Désormais, il n'était plus qu'à quelques centimètres de moi. Sa main me frôla la joue. L'anxiété défigurait son visage tandis que ses yeux viraient au gris glacé.
— Je dois te laisser partir aussi, murmura-t-il, sincère. Ta vie est auprès de lui. Ça a toujours été lui.
Ma main se referma sur la sienne, l'empêchant ainsi de se dérober de la surface de ma peau.
— En effet, peut-être qu'une partie de moi l'a toujours désiré, mais l'autre t'a choisi, et cela, depuis le premier jour où je t'ai rencontré.
Son bras se referma autour de ma taille pour m'attirer contre lui.
— Alors je pars en paix, affirma-t-il, soulagé. Tu n'as jamais appartenu à personne. La possession, c'est le contraire de l'amour. Laisse mon âme s'élever et je te promets que demain, le chagrin aura disparu de ton cœur.

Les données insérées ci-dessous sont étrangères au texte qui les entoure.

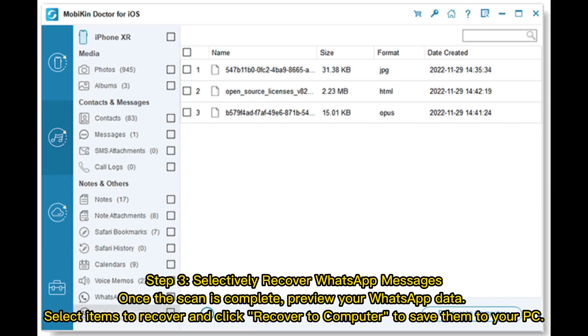Step 3: Selectively recover WhatsApp messages. Once the scan is complete, preview your WhatsApp data. Select items to recover and click Recover to the computer to save them to your PC.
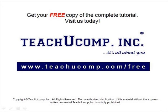Get your free copy of the complete tutorial at www.teachucomp.com forward slash free.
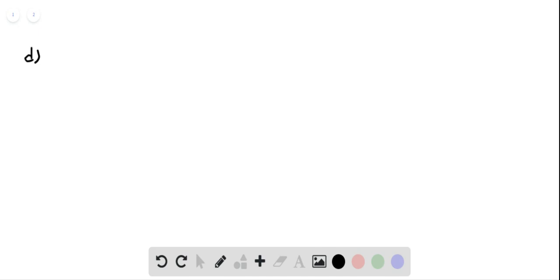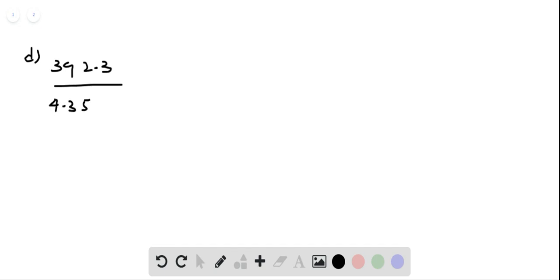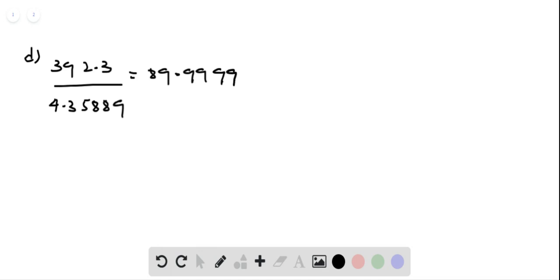Now let us do part D. Dividing the contracted length of the track by the time it took to finish the race from your perspective, we get 392.3 divided by 4.35889, which equals approximately 89.9999 meters per second. The small discrepancy arises from rounding, so the speed is 90 meters per second — the same speed measured by the stationary observer.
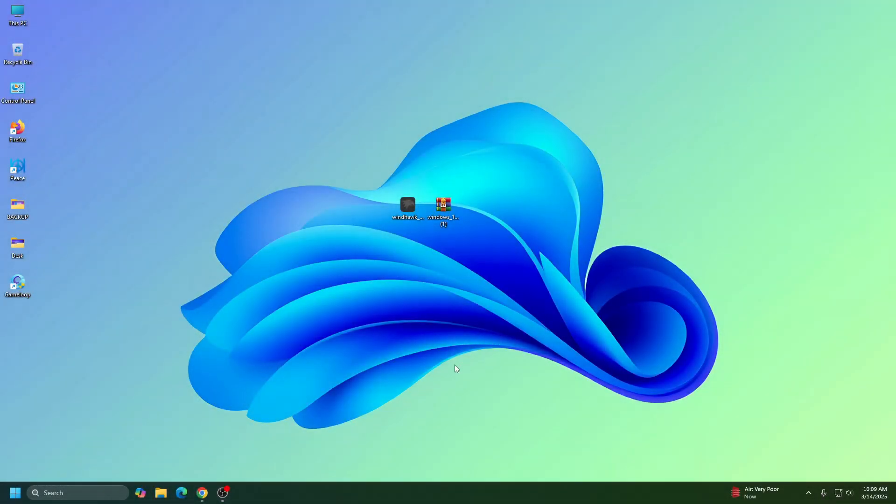Hi, welcome to Take Vegas. So in this video, I'm going to show you how to get the Windows 12 style start menu in Windows 11.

La tête posée contre lui, j'essayai de lutter contre mes paupières lourdes. Je ne voulais pas repartir dans mon monde, non, pas tout de suite.
— Encore quelques minutes, suppliai-je la voix pleine d'émotions. Attends...
Mon esprit me désobéissait, préférant se laisser aller vers un réveil tout proche. Je sombrai, malgré moi, dans la nuit la plus totale.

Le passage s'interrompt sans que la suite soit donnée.